Aim of the task: Copy, word for word, the lines of the entries below between the one with "Modern Solid Thick" and the one with "Buy & Sell West", inclusive, and leave out everything else.

Available records:
####################

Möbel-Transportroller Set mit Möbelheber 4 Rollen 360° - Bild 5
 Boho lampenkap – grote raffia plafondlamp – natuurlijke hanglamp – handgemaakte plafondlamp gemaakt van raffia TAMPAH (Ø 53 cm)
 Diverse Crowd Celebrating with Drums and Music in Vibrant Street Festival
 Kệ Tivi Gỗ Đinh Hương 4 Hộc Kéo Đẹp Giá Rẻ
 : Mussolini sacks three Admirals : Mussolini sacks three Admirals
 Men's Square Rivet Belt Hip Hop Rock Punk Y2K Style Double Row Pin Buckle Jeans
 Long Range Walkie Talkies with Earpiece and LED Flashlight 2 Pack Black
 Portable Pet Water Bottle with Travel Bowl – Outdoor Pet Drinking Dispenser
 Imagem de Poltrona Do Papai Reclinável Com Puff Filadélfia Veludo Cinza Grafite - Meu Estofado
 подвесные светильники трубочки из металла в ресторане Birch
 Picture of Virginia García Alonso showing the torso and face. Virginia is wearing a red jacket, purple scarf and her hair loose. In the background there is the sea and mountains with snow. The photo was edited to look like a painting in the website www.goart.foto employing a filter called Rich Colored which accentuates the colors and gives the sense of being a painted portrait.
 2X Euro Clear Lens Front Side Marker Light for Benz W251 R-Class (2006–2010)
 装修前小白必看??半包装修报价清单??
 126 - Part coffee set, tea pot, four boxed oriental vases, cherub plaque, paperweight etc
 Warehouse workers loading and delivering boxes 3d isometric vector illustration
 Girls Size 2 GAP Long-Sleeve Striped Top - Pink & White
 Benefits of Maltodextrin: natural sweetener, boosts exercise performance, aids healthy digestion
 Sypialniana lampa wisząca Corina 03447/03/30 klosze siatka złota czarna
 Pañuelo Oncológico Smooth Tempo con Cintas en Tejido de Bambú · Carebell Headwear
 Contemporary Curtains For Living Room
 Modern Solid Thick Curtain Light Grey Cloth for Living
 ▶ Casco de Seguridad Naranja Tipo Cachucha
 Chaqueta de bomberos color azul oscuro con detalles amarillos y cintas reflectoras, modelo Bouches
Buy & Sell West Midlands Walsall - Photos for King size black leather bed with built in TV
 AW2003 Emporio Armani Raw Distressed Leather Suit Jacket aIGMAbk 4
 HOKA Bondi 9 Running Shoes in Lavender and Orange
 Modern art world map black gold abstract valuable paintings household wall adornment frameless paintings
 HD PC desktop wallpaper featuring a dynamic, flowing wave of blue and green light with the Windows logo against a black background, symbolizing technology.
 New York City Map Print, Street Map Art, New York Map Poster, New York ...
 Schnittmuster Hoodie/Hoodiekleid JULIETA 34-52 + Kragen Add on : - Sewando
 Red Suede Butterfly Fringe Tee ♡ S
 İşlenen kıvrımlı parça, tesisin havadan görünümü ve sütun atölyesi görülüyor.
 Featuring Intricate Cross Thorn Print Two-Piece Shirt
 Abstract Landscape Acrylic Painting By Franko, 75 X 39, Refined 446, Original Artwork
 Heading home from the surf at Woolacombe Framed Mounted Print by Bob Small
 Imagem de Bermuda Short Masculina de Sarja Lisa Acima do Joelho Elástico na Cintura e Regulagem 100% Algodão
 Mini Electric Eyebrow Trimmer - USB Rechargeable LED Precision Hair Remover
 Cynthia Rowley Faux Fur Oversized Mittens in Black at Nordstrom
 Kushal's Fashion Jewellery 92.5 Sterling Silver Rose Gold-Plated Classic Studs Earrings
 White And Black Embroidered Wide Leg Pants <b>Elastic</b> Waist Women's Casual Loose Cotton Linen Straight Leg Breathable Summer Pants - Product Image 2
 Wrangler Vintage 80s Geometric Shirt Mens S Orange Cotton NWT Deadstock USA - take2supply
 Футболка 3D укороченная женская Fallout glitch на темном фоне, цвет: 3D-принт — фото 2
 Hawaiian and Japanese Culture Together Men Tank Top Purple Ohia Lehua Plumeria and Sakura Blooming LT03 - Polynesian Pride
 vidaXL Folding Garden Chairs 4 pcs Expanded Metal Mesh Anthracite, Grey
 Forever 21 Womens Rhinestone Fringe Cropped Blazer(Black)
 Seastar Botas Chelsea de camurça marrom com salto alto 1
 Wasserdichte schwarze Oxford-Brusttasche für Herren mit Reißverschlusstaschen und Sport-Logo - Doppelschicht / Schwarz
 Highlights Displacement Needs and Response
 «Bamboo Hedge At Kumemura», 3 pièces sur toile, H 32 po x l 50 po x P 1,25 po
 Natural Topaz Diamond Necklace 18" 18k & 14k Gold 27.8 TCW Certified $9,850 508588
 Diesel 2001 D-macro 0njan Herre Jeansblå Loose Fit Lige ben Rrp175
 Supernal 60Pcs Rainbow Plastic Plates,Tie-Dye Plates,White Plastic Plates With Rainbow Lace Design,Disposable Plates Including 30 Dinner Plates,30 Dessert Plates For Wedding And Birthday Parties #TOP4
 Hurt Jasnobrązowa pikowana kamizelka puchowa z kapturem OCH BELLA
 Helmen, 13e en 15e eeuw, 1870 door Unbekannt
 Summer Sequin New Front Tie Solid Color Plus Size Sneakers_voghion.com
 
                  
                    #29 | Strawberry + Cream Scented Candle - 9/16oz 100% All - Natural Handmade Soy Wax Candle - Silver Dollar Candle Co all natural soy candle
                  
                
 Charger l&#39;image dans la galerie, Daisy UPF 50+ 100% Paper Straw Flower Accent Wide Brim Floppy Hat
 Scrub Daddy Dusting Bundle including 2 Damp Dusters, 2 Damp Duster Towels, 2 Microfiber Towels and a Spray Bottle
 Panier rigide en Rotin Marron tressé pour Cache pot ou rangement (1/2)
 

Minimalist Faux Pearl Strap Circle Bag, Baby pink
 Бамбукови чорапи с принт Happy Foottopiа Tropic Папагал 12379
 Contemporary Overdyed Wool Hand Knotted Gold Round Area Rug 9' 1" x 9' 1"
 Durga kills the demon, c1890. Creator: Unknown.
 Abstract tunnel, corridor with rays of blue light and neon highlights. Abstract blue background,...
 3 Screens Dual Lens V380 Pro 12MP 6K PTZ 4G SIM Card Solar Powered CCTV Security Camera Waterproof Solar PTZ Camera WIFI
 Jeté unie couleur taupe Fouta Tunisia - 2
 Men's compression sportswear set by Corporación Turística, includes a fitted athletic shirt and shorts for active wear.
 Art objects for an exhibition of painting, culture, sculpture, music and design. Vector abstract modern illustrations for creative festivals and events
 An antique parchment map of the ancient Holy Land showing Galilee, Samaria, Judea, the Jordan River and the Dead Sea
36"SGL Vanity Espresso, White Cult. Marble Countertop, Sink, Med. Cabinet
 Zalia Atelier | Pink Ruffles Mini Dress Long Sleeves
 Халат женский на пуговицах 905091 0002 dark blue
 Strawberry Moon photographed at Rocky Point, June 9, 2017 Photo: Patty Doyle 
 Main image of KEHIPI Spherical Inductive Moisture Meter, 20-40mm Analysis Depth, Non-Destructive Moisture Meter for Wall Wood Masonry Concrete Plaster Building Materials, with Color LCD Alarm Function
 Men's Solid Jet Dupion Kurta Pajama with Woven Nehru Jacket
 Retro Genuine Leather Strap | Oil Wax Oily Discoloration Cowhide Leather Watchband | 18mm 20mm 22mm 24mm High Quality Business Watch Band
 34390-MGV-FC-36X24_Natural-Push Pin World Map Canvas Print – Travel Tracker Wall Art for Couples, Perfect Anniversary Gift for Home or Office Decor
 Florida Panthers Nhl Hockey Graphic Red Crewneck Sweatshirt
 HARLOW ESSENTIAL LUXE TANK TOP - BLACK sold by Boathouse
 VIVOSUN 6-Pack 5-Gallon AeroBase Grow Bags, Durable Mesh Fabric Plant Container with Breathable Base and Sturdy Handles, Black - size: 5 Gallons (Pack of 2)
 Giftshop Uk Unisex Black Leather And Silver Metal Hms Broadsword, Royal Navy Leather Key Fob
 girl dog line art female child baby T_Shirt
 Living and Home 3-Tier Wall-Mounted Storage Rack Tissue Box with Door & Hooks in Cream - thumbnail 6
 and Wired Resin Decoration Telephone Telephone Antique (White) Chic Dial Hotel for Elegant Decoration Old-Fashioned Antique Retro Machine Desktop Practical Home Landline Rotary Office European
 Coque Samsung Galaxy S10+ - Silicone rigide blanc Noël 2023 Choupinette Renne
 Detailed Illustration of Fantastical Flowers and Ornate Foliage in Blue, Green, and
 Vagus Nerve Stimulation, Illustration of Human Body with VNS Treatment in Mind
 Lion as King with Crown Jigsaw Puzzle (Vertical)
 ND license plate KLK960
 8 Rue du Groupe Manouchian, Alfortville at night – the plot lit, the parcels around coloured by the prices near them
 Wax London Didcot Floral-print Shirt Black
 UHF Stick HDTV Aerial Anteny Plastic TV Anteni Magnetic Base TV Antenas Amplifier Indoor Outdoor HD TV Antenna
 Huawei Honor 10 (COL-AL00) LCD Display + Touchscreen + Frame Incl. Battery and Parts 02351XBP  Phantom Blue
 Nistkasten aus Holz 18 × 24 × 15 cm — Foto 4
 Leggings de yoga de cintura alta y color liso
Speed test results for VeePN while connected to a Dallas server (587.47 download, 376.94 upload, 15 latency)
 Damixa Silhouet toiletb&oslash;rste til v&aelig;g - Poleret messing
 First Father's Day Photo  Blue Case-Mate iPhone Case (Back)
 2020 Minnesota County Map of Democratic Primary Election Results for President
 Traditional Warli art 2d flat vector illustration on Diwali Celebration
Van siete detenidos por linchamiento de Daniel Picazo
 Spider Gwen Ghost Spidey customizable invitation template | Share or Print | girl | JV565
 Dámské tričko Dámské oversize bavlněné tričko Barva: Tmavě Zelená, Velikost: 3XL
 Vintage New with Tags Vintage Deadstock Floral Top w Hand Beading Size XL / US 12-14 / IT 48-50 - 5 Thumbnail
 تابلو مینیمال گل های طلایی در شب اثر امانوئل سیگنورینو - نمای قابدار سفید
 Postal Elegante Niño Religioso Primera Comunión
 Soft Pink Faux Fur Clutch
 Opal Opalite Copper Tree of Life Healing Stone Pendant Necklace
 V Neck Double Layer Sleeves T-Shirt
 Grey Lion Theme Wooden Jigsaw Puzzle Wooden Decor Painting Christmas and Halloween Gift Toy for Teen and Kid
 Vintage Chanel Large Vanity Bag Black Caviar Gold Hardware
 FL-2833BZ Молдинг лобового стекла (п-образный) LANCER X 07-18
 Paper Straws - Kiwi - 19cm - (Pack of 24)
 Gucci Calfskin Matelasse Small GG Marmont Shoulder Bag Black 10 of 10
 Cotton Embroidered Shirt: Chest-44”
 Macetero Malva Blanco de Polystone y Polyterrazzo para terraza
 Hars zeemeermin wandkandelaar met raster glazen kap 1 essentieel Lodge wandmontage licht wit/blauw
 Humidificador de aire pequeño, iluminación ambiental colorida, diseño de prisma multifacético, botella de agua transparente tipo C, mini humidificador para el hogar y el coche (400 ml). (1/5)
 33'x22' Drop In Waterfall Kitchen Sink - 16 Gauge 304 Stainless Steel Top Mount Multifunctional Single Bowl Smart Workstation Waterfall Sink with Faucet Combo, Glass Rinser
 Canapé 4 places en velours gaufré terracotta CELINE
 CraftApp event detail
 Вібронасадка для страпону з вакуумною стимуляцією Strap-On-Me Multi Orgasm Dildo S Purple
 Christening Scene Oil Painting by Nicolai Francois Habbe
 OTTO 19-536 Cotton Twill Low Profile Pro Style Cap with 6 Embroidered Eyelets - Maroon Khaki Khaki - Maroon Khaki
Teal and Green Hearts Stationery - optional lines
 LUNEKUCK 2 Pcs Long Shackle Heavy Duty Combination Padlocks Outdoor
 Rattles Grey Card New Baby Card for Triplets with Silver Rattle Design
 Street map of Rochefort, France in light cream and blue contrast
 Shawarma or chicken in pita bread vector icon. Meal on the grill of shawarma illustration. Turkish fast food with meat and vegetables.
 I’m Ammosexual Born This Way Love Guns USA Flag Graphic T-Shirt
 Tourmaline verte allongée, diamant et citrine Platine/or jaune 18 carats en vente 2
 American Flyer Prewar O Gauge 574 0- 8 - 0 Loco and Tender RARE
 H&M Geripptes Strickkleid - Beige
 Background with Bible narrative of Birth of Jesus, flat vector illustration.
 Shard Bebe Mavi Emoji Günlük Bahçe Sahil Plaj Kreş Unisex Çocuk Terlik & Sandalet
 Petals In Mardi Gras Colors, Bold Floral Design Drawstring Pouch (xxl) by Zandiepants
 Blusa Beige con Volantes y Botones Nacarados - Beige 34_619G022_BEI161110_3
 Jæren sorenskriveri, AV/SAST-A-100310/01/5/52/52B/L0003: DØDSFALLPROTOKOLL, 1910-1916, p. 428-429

####################

Finished exercise:
 Modern Solid Thick Curtain Light Grey Cloth for Living
 ▶ Casco de Seguridad Naranja Tipo Cachucha
 Chaqueta de bomberos color azul oscuro con detalles amarillos y cintas reflectoras, modelo Bouches
Buy & Sell West Midlands Walsall - Photos for King size black leather bed with built in TV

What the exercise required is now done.